Однажды я задумал роман, в котором два брата враждовали друг с другом; один из них уехал в Америку, между тем как другой остался в тюрьме в Европе. Я только время от времени записывал строчку-другую, потому что сразу же уставал. Вот так однажды в воскресенье, когда мы были в гостях у дедушки с бабушкой и наелись особенно мягкого хлеба с маслом, которым там всегда угощали, я начал писать что-то про ту тюрьму.
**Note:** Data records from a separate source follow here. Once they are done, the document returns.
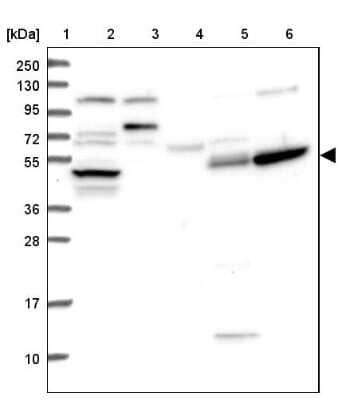Western Blot: TTC23 Antibody [NBP1-83718] - Lane 1: Marker  [kDa] 250, 130, 95, 72, 55, 36, 28, 17, 10.  Lane 2: Human cell line RT-4.  Lane 3: Human cell line U-251MG sp.  Lane 4: Human plasma (IgG/HSA depleted).  Lane 5: Human liver tissue.  Lane 6: Human tonsil tissue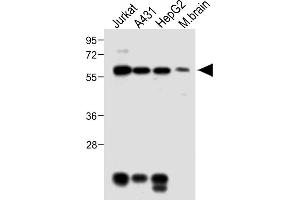 All lanes : Anti-MeCP2 Antibody at 1:2000 dilution Lane 1: Jurkat whole cell lysate Lane 2: A431 whole cell lysate Lane 3: HepG2 whole cell lysate Lane 4: Mouse brain lysate Lysates/proteins at 20 μg per lane. (MECP2 Antikörper  (AA 400-428))
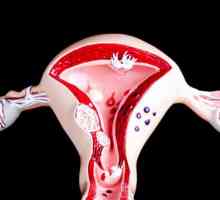 Děložní krvácení: 23 důvodů, proč volat tento proces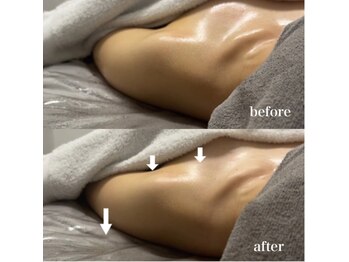 ベール(BEHL)/コルギのBefore After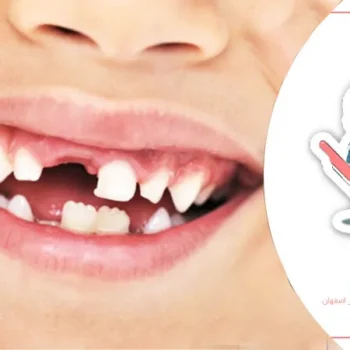 نکات طلایی برای مراقبت از دندان‌های شیری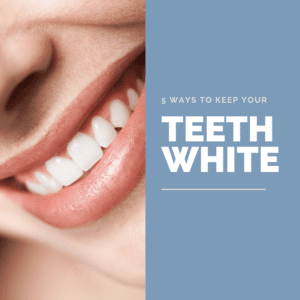 How to Keep Your Teeth White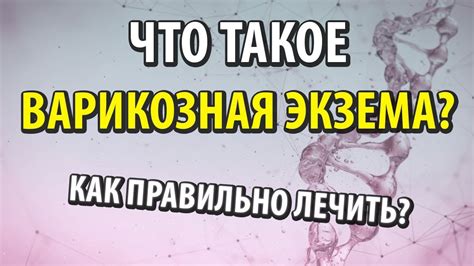 Что такое варикозная экзема. Как лечить - YouTube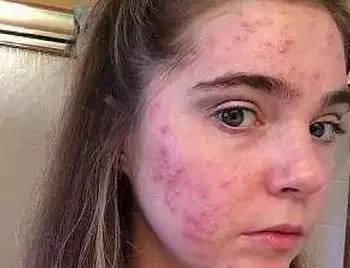 水果|最伤肝的“水果”被公布，不少人当成宝，整天往家提，应及时远离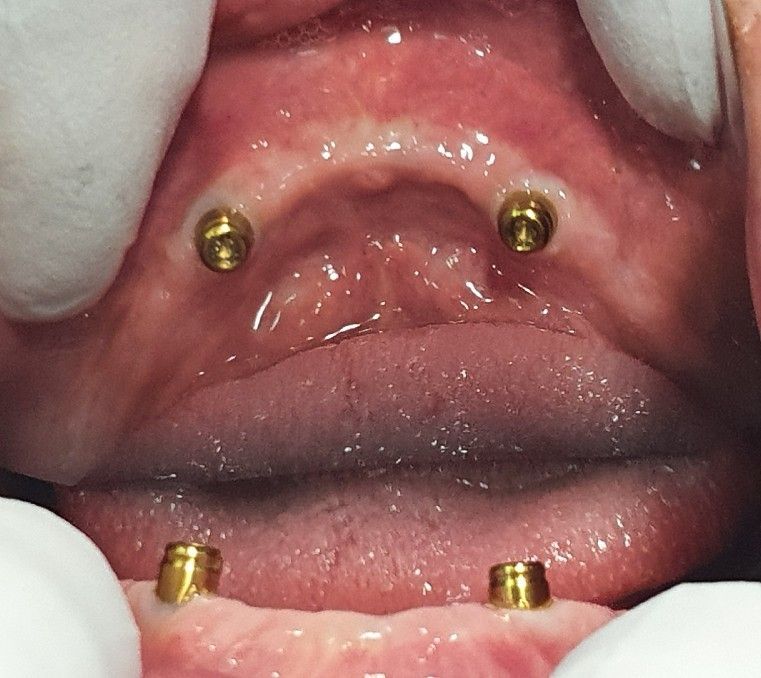 Dental Implants Before - The Dentist Cairns Dental Group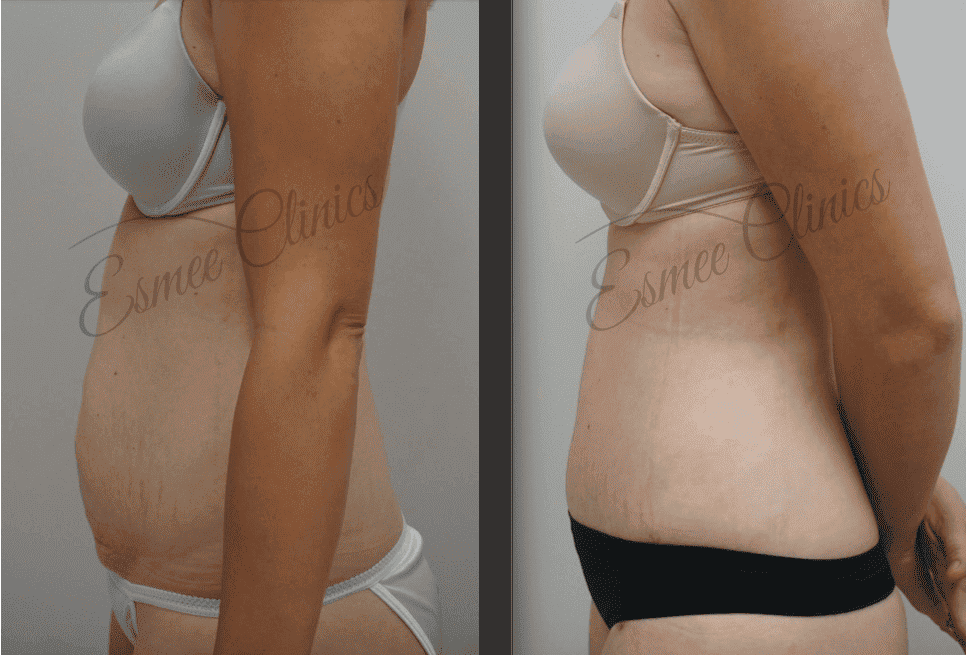 Before and After img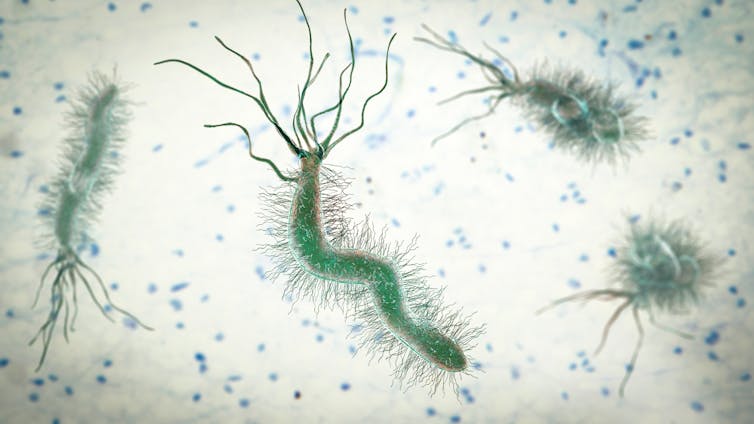 Recreación de la bacteria _Helicobacter pylori_.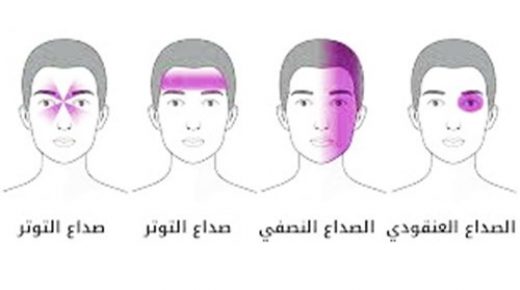 ما هي أنواع الصداع؟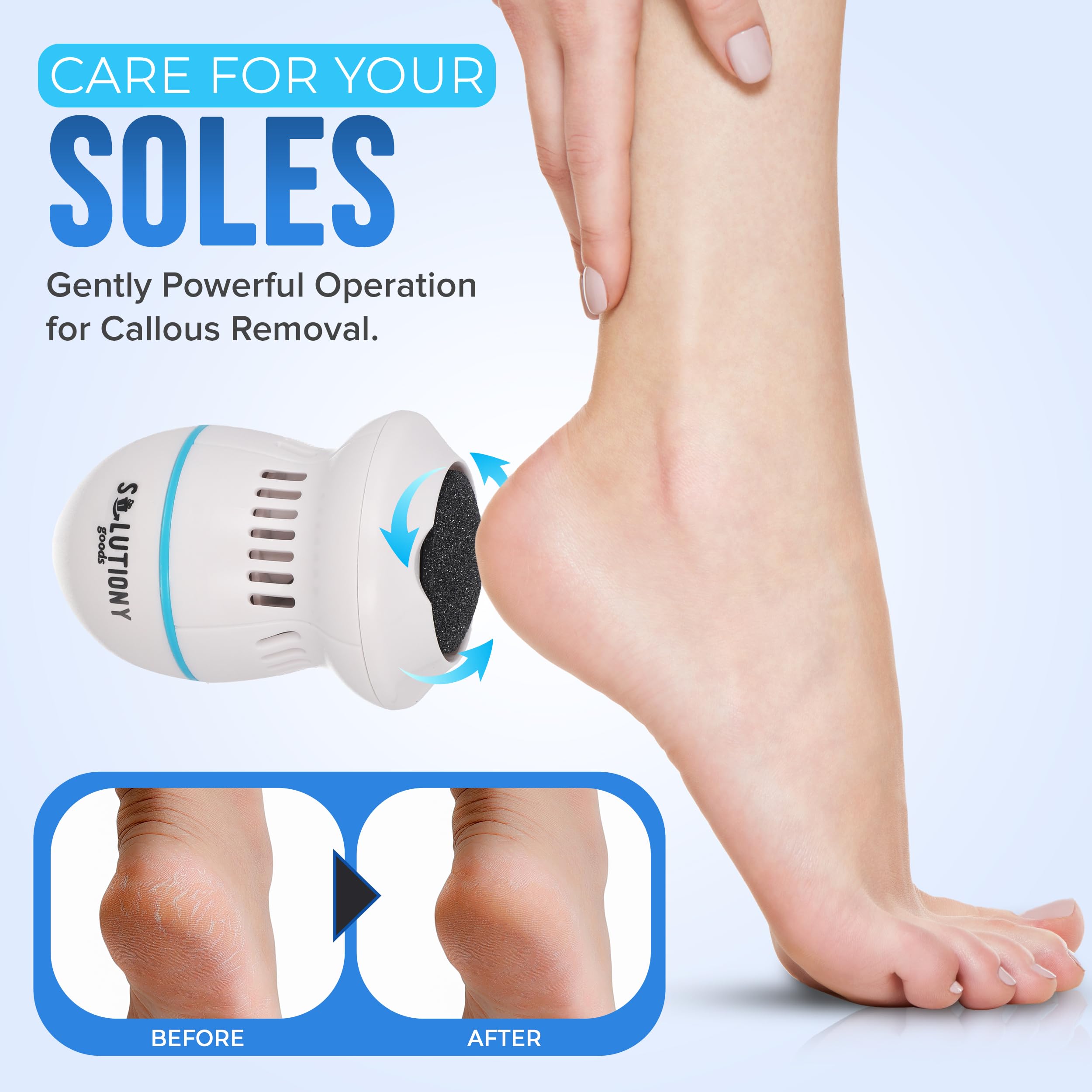 Electric Foot Callus Remover - USB-Rechargeable With Built-in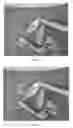Fig. 06 - Devices and Methods for Placing Slings and Other Materials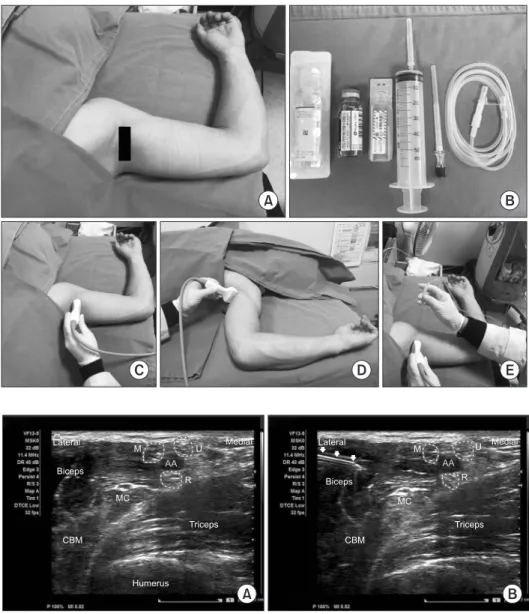 Figure 1. (A, C, D) Patient position and the  location of the probe for performing axillary  brachial plexus block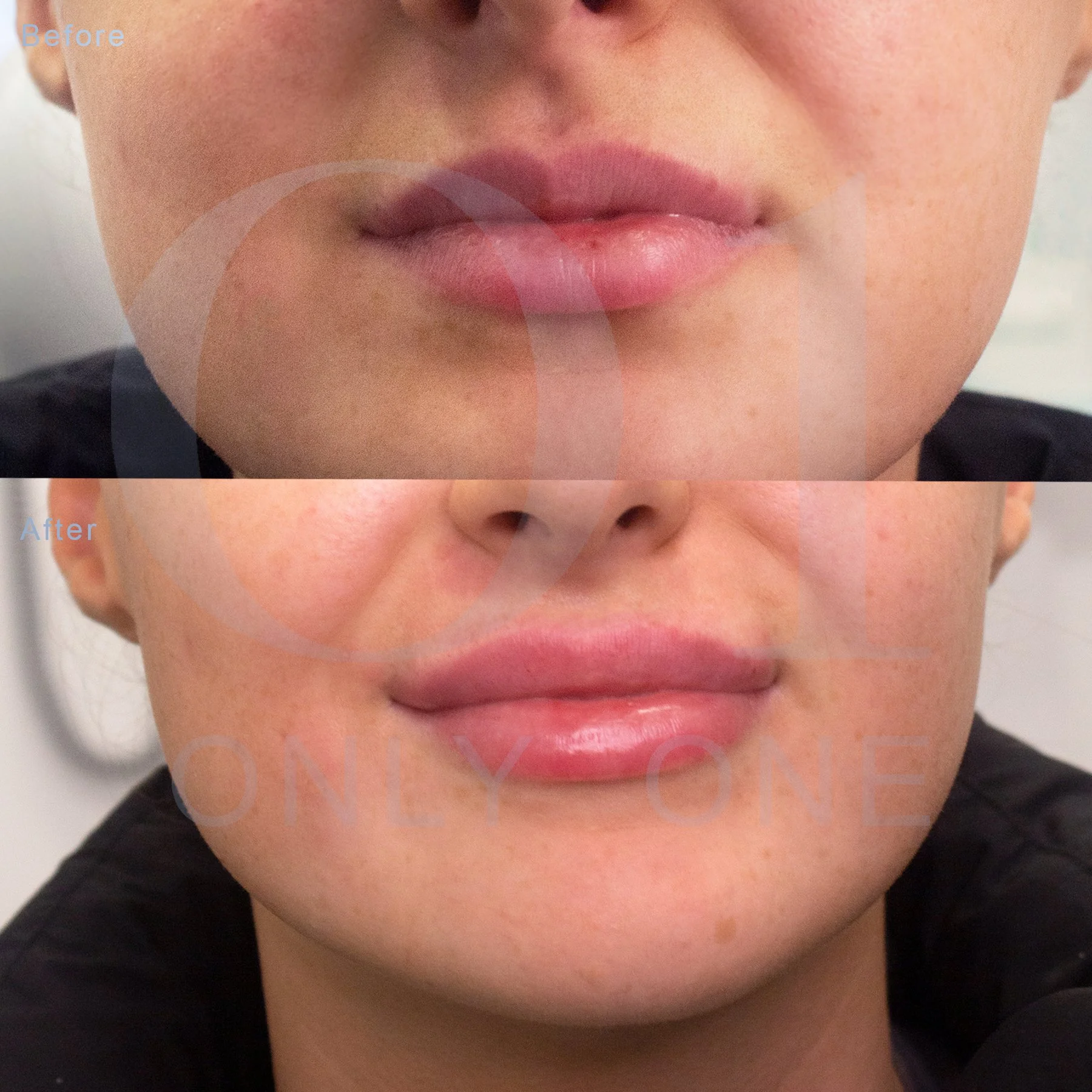 Restylane lip filler, single session and Polynucleotide, single session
Вполне возможно, что я занялся этим главным образом из тщеславия и шуршанием бумаги по скатерти, постукиванием карандаша, рассеянным рассматриванием круга под лампой хотел возбудить в ком-нибудь желание взять у меня написанное, прочесть его и восхититься мною. В нескольких строчках был описан преимущественно коридор тюрьмы, главным образом тишина и холод; было сказано и сочувственное слово об оставшемся брате, ибо это был хороший брат. Возможно, меня охватило ощущение невыразительности описания, но с того дня я никогда больше не обращал особого внимания на такие ощущения, когда сидел за круглым столом в знакомой комнате среди родственников, к которым привык (моя робость была столь велика, что среди привычного я уже бывал наполовину счастлив), ни на минуту не забывая, что я молод и нынешний покой не про меня – мне предначертано великое. Дядя, любивший поиздеваться, наконец взял у меня листок, который я слабо попытался удержать, бросил на него беглый взгляд и вернул обратно, даже не посмеявшись; он сказал остальным, которые следили за ним глазами: «Обычная чепуха», мне же не сказал ни слова. Я, правда, остался на месте, по-прежнему склонившись над своим, стало быть, никчемным листком, но из общества я был изгнан одним пинком, дядин приговор отозвался в моей душе уже почти во всем действительном значении, в самом чувстве семьи мне раскрылся весь холод нашего мира, я должен согреть его пламенем, на поиски которого я еще только собирался отправиться.